The UK also has the highest number of redundancies. Of the 69 restructuring cases recorded by the European Restructuring Monitor for the UK, 57 involved job losses in excess of 100 – the highest rate in all the 18 EU countries monitored.
Amicus argues that UK workers are also being disadvantaged by other countries willingness to intervene when indigenous companies are facing difficulty. For example, the French government supported engineering company Alstom in 2003, saving it bankruptcy, to the tune of €3.2 billion, with €8 m from the public purse. By comparison, over 2,000 Alstom jobs have been cut in the UK in the UK over the last twelve months.
Amicus also said that the job cuts made by Marconi earlier this month were more evidence for the need to give UK workers stronger employment rights. The company closed a plant in Coventry, transferring the 450 jobs to Italy. Amicus say UK workers would not be the automatic choice for redundancy if they shared equivalent rights with continental workers.
“In an increasingly global economy, multinational companies will always chose to make job cuts where it is cheaper, quicker and more politically expedient to sack. The ‘flexible workforce’ makes no sense – it just enables quality jobs to be easily disposed of, resulting in a de-skilling of the economy,” said Amicus General Secretary, Derek Simpson.
“Unless we have employment protection parity with other European countries, UK workers will continue to be the soft touch when it comes to slashing jobs,” he added.
In France, when more than 50 workers jobs are at risk the employer has to propose a social compensation plan. The employer is also obliged to study suggestions from trade unions for mitigating the job losses. The trade union’s work committee may also employs an accountant, paid for by the company, to examine the redundancy proposal and has 20-22 days to produce a report.

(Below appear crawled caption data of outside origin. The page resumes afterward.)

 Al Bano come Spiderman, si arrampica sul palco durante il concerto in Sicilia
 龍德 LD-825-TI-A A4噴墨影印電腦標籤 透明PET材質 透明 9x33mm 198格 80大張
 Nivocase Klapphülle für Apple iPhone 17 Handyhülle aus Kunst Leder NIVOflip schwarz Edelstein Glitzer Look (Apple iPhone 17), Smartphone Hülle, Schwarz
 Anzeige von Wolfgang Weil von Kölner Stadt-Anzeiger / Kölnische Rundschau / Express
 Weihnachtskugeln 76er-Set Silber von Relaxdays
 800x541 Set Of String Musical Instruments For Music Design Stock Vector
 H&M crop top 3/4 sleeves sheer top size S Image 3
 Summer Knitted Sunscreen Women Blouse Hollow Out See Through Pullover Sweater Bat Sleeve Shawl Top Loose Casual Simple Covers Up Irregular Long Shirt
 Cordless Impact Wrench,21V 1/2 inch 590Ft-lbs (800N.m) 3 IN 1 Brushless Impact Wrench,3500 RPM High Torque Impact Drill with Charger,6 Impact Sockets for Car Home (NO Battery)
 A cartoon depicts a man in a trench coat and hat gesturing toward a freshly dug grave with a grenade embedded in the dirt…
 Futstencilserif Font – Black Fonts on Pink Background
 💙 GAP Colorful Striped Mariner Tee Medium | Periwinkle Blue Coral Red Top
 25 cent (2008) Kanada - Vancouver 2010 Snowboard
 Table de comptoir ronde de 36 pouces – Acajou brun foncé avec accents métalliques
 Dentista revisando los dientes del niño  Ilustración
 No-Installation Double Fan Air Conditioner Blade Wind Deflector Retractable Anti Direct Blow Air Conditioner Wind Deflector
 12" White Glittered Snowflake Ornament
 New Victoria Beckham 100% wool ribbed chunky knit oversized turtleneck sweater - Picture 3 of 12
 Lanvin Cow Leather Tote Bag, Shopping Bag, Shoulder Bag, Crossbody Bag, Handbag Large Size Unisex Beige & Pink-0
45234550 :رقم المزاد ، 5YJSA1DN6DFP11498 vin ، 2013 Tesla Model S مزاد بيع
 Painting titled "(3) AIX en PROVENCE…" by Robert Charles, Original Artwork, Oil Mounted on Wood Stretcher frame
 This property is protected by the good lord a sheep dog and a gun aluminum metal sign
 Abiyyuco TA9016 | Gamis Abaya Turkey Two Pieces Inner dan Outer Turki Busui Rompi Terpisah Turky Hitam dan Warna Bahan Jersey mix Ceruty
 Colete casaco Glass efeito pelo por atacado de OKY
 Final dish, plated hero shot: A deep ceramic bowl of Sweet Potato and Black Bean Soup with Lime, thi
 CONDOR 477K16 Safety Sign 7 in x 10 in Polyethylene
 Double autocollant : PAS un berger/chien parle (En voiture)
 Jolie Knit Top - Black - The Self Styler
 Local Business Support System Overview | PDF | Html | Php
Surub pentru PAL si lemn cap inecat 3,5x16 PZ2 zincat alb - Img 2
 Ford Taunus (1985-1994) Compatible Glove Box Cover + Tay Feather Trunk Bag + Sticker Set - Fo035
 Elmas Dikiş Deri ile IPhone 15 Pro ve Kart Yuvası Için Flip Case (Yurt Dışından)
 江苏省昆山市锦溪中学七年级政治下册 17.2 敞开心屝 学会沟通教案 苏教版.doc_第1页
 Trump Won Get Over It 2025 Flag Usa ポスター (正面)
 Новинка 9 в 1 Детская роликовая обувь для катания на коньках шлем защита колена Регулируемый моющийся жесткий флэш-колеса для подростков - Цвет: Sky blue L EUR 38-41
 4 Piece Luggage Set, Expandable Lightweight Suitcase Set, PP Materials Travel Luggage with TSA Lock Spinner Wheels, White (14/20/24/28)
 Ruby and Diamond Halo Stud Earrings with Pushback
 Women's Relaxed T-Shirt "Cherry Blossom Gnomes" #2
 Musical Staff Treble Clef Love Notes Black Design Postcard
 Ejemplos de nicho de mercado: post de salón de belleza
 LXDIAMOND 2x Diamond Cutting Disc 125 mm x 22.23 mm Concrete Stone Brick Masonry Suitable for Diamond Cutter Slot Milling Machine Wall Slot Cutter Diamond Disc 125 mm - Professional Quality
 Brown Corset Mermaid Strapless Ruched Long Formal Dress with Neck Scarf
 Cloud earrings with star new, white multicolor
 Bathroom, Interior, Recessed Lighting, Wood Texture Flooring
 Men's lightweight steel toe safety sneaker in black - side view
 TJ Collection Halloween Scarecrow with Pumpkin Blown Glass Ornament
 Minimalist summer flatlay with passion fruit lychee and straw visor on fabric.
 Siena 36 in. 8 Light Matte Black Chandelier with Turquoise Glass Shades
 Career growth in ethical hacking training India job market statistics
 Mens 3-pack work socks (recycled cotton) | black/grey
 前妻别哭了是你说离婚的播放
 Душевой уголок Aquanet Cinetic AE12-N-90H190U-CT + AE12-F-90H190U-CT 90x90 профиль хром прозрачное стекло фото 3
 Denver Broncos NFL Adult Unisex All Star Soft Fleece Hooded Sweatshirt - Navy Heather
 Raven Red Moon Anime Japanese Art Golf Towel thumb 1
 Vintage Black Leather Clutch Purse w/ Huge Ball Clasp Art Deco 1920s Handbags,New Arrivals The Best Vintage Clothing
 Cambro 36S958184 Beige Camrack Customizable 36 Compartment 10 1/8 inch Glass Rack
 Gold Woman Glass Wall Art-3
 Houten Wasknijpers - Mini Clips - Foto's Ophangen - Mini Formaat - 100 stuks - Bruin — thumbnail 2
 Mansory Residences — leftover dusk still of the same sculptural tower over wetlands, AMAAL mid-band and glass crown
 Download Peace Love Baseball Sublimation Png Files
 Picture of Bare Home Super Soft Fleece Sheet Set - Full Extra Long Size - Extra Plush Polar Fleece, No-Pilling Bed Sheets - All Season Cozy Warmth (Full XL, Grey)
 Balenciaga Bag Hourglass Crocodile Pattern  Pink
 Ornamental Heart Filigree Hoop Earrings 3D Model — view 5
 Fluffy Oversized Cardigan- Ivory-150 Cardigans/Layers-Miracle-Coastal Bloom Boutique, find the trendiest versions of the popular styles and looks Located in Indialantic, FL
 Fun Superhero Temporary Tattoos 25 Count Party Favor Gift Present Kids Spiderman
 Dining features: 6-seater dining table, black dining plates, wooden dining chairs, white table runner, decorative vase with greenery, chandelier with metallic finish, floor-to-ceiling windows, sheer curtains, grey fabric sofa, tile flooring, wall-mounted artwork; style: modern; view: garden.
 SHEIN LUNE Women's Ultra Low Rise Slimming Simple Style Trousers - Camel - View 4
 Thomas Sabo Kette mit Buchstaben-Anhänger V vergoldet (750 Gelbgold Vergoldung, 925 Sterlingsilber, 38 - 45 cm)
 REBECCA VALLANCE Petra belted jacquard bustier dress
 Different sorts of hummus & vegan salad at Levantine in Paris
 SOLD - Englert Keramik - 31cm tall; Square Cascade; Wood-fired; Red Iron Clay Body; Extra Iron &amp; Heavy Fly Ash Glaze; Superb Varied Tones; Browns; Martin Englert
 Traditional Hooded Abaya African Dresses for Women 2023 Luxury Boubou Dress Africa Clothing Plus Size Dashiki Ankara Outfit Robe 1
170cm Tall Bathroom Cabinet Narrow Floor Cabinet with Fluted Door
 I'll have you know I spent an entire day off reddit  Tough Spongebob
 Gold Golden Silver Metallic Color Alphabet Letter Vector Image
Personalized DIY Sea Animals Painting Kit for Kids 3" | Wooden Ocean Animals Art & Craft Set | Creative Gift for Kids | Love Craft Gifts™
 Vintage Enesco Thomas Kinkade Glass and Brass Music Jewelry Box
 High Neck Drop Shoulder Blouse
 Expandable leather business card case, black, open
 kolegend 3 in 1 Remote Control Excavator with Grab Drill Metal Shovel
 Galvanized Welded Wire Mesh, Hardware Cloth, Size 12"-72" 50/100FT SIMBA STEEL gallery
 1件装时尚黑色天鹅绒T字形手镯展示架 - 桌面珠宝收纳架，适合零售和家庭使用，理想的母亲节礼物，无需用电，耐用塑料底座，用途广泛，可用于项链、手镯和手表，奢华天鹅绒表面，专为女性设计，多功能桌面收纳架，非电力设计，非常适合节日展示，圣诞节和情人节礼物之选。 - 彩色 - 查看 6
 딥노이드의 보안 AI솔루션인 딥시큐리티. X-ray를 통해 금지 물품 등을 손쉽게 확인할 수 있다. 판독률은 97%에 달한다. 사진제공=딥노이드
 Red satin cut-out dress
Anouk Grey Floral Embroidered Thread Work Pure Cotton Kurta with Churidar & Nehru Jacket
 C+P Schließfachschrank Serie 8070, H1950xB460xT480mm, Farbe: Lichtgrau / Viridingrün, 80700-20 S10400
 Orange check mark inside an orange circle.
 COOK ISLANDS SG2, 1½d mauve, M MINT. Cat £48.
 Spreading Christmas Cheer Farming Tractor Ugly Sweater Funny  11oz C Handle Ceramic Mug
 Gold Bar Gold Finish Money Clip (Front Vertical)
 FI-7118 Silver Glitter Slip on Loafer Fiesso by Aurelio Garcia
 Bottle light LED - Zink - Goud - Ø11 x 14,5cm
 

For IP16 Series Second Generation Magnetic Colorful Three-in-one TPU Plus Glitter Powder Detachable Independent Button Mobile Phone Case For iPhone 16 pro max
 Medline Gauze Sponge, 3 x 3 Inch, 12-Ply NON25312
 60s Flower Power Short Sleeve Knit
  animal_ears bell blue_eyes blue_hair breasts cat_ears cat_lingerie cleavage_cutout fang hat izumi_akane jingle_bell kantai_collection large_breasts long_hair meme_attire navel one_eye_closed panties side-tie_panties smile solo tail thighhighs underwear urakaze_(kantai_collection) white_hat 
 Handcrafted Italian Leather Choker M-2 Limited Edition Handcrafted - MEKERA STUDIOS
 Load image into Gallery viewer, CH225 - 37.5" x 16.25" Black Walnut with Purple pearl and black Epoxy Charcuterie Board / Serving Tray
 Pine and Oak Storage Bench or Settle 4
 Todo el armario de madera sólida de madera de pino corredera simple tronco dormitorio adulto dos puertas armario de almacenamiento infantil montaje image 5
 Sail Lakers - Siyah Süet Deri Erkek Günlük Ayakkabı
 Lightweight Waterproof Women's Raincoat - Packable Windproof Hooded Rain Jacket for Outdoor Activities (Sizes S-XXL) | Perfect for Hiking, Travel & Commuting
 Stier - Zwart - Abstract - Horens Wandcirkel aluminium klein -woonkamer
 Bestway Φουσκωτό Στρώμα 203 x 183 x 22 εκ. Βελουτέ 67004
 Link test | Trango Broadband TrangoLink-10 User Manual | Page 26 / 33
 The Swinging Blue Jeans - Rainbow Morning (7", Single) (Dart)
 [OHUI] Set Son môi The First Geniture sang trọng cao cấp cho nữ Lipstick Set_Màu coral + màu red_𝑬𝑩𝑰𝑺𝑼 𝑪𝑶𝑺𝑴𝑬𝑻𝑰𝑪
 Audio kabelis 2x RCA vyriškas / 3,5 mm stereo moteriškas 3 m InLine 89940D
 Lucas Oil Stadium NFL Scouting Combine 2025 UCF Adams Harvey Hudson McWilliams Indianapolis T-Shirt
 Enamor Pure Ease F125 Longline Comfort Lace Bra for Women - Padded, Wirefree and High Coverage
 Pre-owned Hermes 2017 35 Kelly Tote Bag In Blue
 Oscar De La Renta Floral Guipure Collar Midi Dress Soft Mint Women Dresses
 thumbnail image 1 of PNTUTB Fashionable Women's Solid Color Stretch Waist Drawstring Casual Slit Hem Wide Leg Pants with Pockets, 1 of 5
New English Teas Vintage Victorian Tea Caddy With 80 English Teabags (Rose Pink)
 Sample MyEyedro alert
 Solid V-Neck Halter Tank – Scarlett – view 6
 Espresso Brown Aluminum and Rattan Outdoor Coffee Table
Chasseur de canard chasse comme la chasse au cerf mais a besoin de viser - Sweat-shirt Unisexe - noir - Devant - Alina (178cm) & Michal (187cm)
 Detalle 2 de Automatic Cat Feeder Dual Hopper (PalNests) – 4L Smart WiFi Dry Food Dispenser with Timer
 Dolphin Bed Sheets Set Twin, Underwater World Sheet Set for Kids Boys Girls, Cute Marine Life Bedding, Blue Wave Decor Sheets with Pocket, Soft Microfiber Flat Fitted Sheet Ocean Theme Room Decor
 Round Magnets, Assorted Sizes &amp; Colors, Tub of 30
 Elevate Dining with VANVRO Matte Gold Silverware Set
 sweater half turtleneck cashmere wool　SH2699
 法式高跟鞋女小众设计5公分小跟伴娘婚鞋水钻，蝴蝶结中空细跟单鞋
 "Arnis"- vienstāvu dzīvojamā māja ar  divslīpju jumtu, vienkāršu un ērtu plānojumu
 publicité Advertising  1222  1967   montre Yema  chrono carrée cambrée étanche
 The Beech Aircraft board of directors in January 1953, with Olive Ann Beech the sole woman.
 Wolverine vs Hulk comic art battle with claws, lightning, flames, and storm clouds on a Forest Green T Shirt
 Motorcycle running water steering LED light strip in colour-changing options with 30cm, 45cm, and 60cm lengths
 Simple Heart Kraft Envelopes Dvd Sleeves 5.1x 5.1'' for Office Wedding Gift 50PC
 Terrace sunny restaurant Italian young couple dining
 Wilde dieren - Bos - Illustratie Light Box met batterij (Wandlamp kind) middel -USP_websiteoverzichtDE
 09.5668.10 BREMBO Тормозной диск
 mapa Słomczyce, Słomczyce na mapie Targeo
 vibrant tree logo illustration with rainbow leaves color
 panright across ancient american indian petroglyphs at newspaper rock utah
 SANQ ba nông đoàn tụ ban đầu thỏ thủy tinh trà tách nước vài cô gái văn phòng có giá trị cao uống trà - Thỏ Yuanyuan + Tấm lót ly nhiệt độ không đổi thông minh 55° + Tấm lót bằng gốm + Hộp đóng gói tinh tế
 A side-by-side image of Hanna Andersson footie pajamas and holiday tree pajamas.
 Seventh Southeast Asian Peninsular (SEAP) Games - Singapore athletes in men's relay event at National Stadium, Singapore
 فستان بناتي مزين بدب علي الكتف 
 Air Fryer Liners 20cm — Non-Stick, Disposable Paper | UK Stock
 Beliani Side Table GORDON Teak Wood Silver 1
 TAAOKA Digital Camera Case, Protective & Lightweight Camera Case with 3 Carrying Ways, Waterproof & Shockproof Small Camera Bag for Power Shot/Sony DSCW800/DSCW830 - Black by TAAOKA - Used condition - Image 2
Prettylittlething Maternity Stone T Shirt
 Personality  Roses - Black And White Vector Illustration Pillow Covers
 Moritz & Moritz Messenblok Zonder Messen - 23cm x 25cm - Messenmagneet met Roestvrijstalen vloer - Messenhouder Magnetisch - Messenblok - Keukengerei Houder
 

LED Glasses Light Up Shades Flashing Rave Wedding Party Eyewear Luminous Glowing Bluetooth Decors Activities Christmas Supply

Again, in Germany, when more than 50 workers are involved in redundancy, the company has to negotiate a social compensation plan with the works council and in Belgium, employers have by law, to implement collective redundancy procedures. Their law states that any state subsidies received over a period of five years before redundancies must be repaid by any company not adhering to the consultation regulations.
By contrast, the UK has 30 days with view to reaching an agreement with no requirement beyond agreeing a method of selecting redundant employees. Minimum compensation is just £280 a week for a maximum of 30 weeks.
Amicus say that legal provisions covering industrial action are also stronger in the rest of Europe. In the UK, there is no “right to strike”, whereas in continental Europe the right to strike is included in the constitutional rights of all workers.